His manservant indulged in an infinitesimal pause for effect. "Twenty-four Euston Place, milord."

Kate caught her breath. "But that's.…"

"In this very neighborhood," Tony agreed. "Just down the street. Therefore, though it pains me to do so" —he smiled—"I fear I must ask our guests to leave."

"Right. We'll bugger off. But we're taking Henry with us," Maura announced. "You can't just leave him in this drafty old house while you and Kate go gallivanting."

"Madam, I shall be with him." Harvey said haughtily.

"Oh, sure, a butler. Might as well put Ritchie in charge."

"Ritchie can look after me. He looks after me just fine," Henry said, defending his chief nemesis with a fervor usually reserved for Jedi knights. "He's older than Kate."

"He's been daft every day of his life and you know it," Maura snapped. "And a butler isn't your blood. I'm your mum, and I'm taking you home."

"Maura, I swear to God—" Kate balled up her fist, crinkling the plaster across her knuckles.

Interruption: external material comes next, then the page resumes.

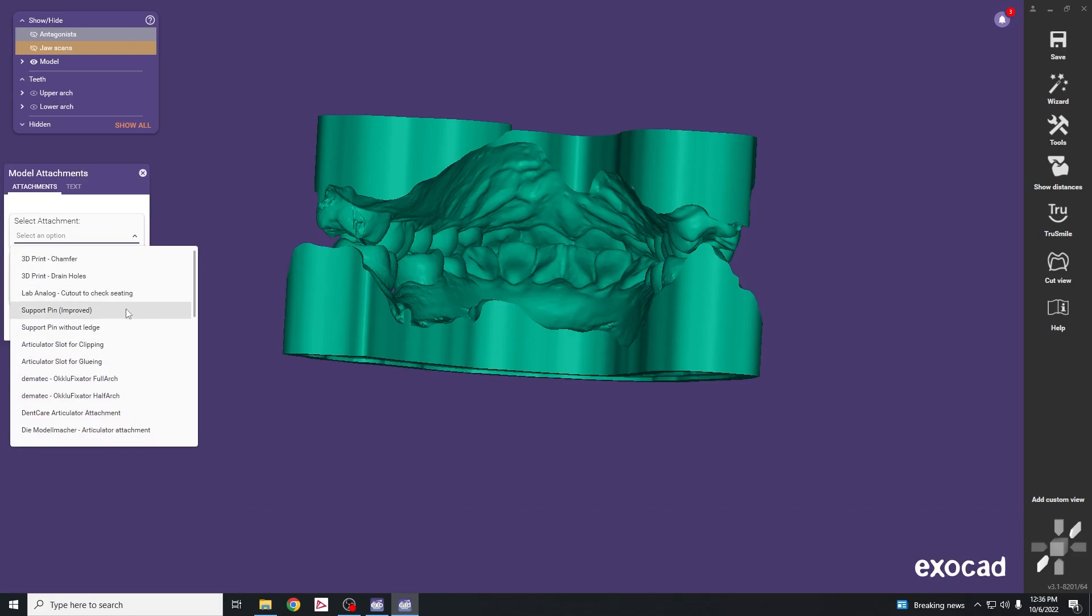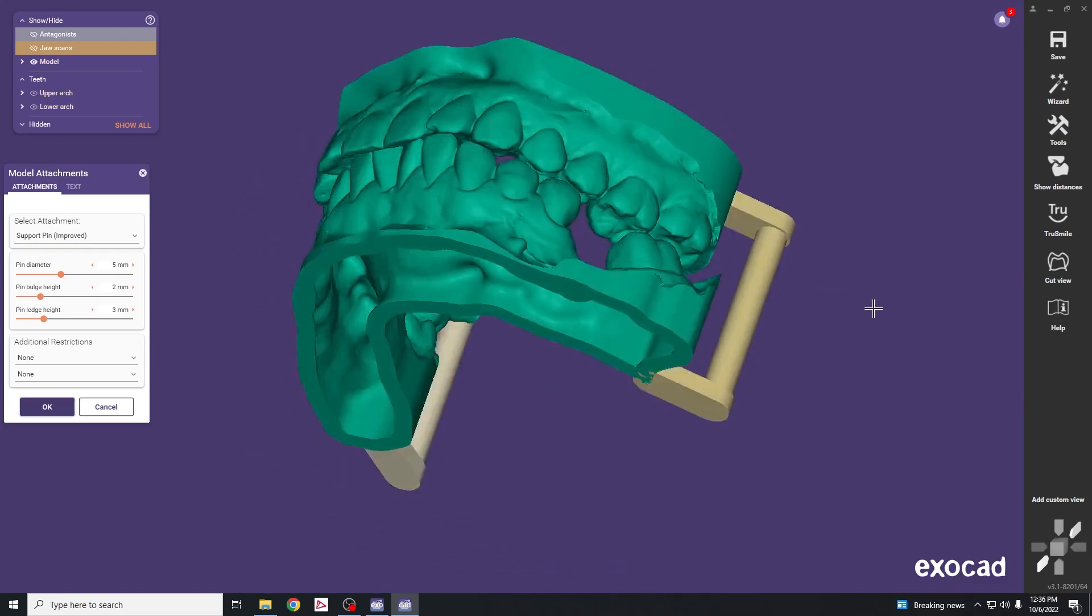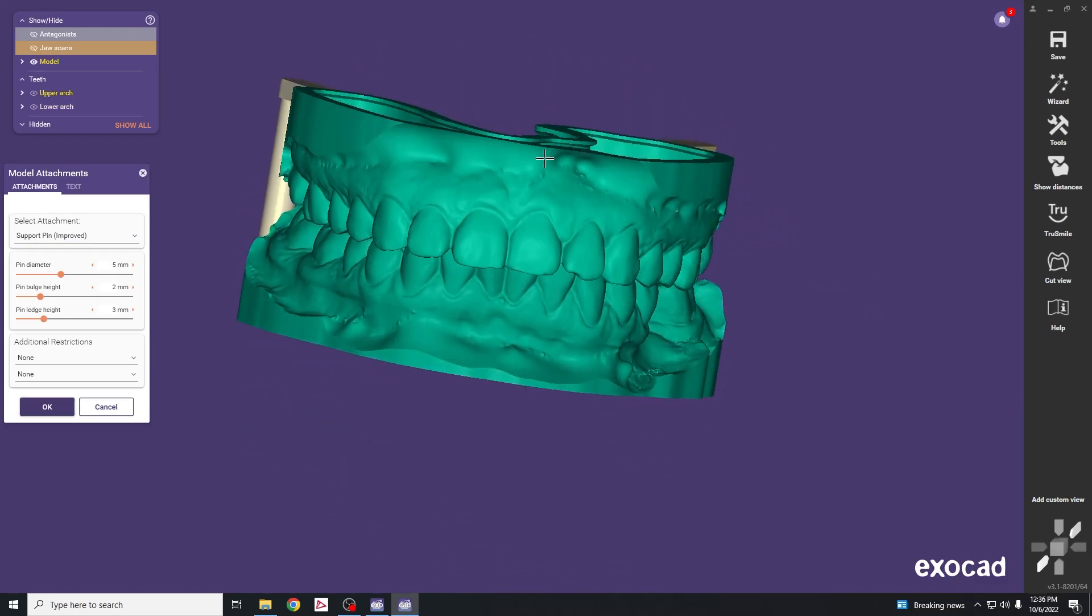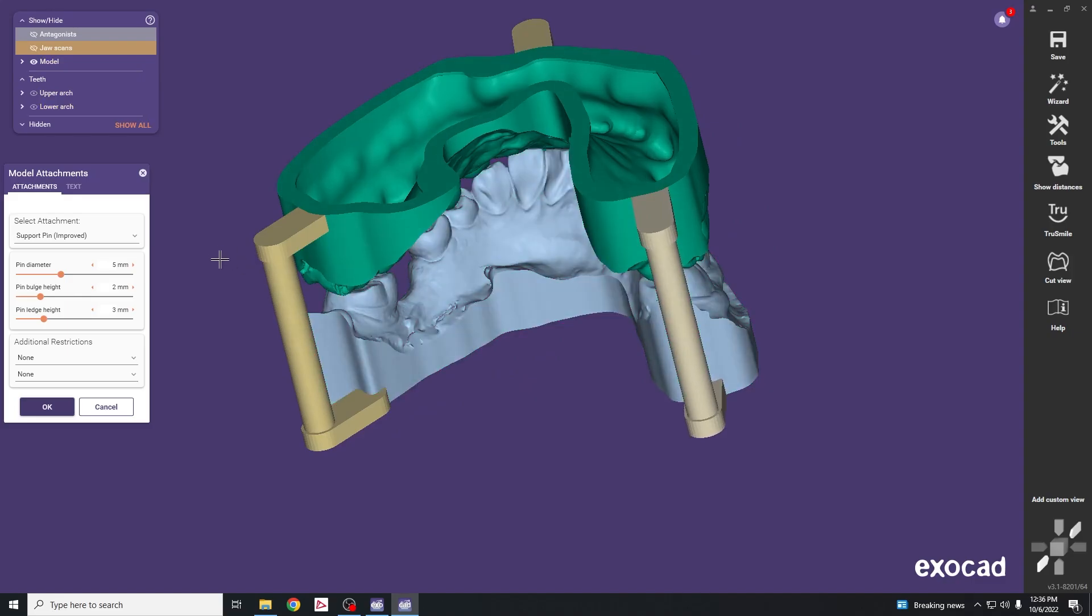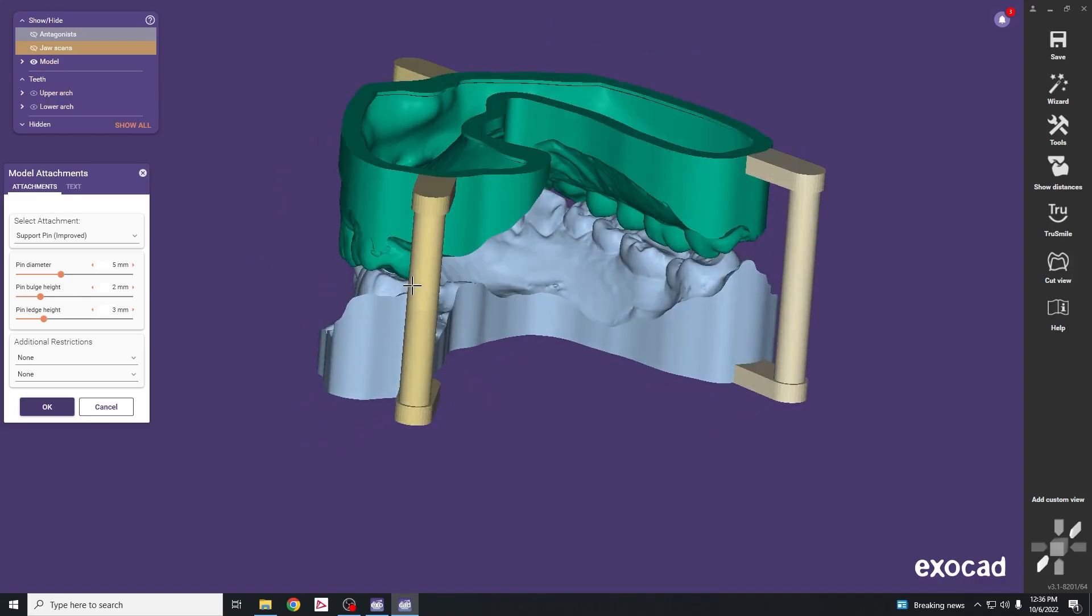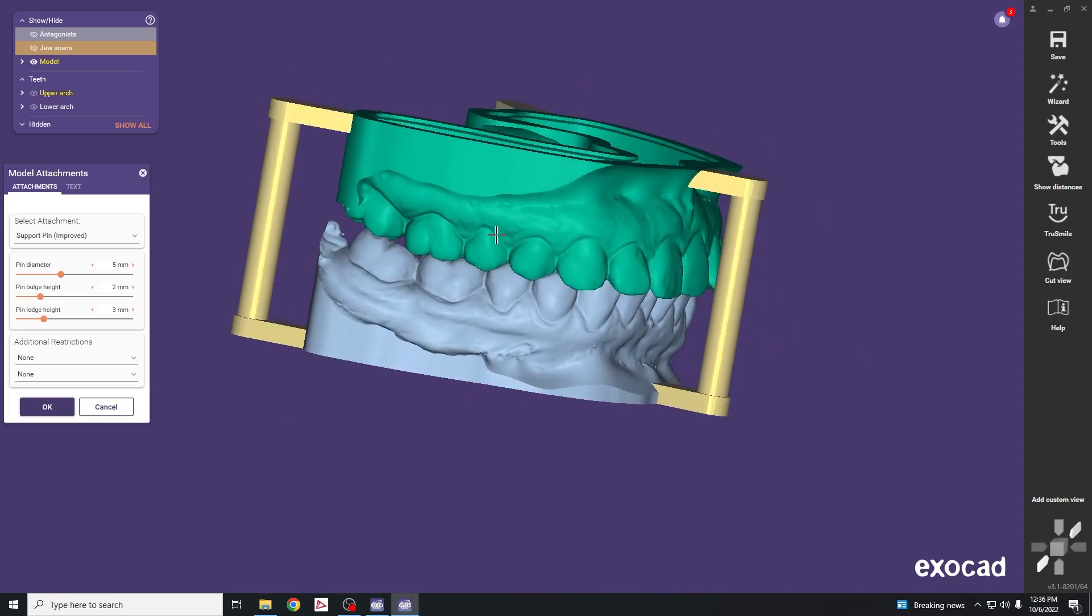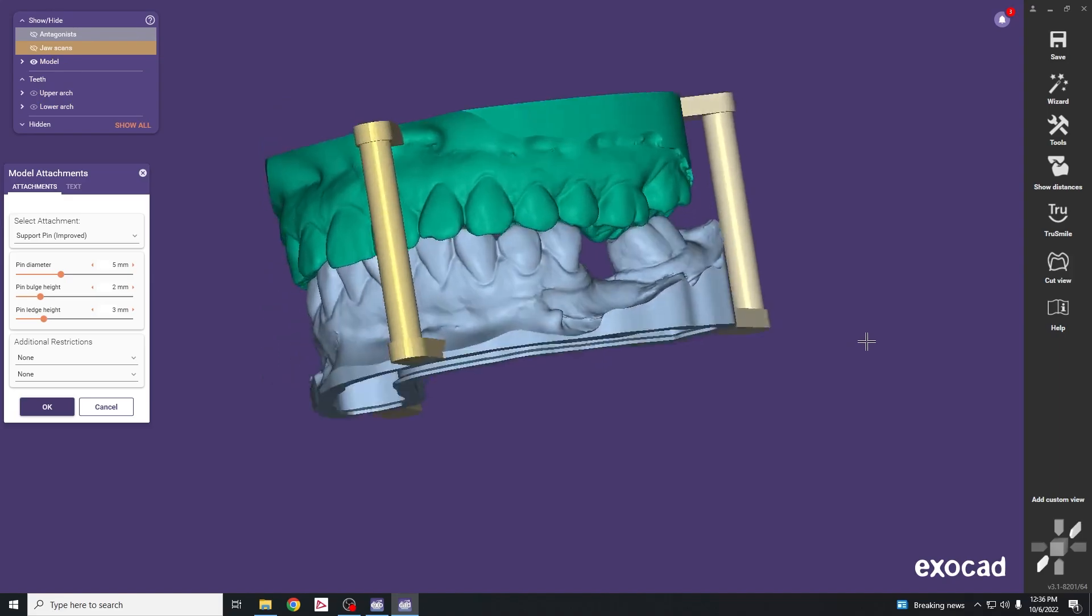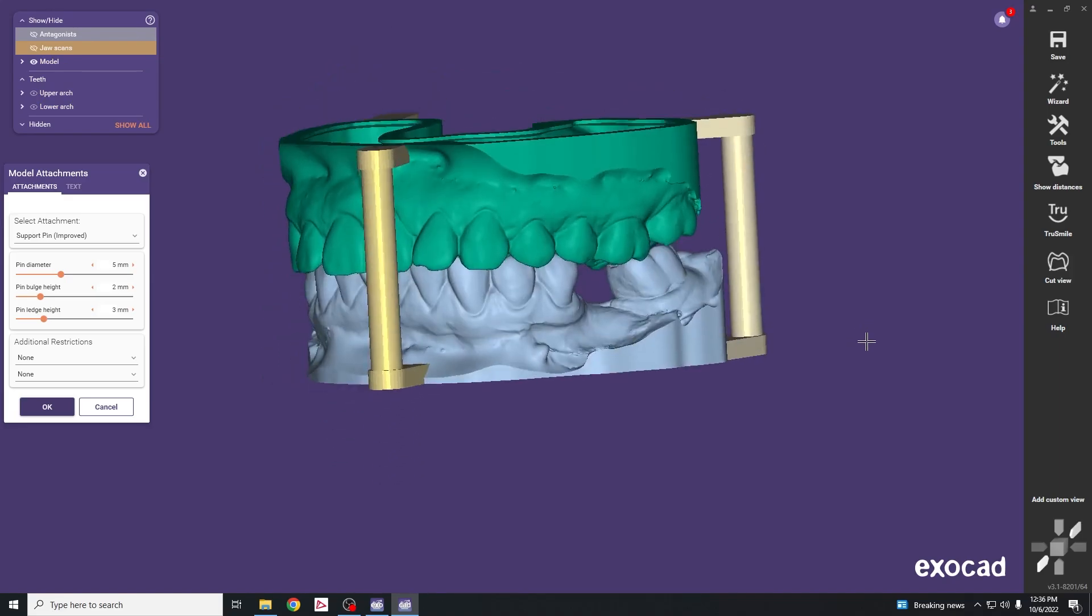One we can use is a support pin. Click on the areas where you want to add these support pins and left click and drag them into the positions you want. Generally three of these will help stabilize the cast, especially if you're missing a lot of posterior teeth and you're unable to tripodize the case in MIP.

"Kate, please." Hetheridge didn't meet his wife's eyes. He didn't need to; the force of her glare could have been felt from orbit. Turning to Maura and Louise, he said, "I understand your position perfectly, ladies. But a certain expression applies. I've had it said to me countless times, yet never had occasion to use it myself." Resting both hands on Henry's shoulders, he said, "Not without a warrant."

Chapter Two

Detective Sergeant Kate Wakefield Hetheridge still found it difficult to omit the "Wakefield" and supply the "Hetheridge," even in the privacy of her own thoughts. Several times since returning to Scotland Yard as a married woman, she'd introduced herself to new colleagues as DS Wakefield, resulting in cleared throats and curious glances. Everyone at the Yard, including file clerks, secretaries, and janitors, seemed aware she'd been featured (briefly and coolly) in newspaper society columns. Many could quote entire paragraphs of the tabloid coverage, which had been colorful and expansive. "Beggar Bride and Geriatric Beau Baffle West End," published in a scandal rag called
Bright Star
, was now required reading for the Metropolitan Police Service, judging by how often Kate heard about it. Only in the fame and title-obsessed world of
Bright Star
could a career detective, who'd paid her own way since her teens, be called a "beggar," and a fit, handsome sixty-year-old be called "geriatric."

He'd deny the "handsome" part
, Kate thought. That triggered an automatic flood of fondness, which she mentally squashed, incinerated, and cursed out of existence. She was furious with him, and he deserved it. So what if she accidentally introduced herself as DS Wakefield at the crime scene? Maybe she'd do it on purpose while he was in earshot.